I recently read Hillbilly Elegy, J.D. Vance's bestselling memoir about his experiences growing up in an Appalachian town. Vance uses his experiences to examine the myths and realities of the 'hillbilly' culture and the result is a thought-provoking read throughout. I expect to post more about Vance's insights regarding America's struggling rural regions shortly.

But today, I wanted to explore a specific theme from this book that reminded me of my recent post about a new traffic light pattern. At these Cambridge intersections, I saw how reversing the turn order created an additional safety margin for drivers. Though I am not formally trained in this field, I concluded the change made the intersection unambiguously safer than it was using the regular turn pattern.

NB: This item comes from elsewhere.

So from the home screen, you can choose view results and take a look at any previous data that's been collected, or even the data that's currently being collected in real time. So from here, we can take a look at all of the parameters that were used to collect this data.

The link between the traffic light pattern and Vance's book is the idea of agency. Hillbilly Elegy describes many struggling people who did not expect their hard work to lead to positive life outcomes. If these people could believe in the possibilities resulting from their own hard work, perhaps things could start to improve in certain struggling areas (1).

A sense of agency makes a big difference in how people confront new situations or navigate unknown environments. The main improvement of the light pattern I described a couple of weeks ago is how it gives drivers, cyclists, and pedestrians more direct control in creating good outcomes as they enter and exit the intersection (2).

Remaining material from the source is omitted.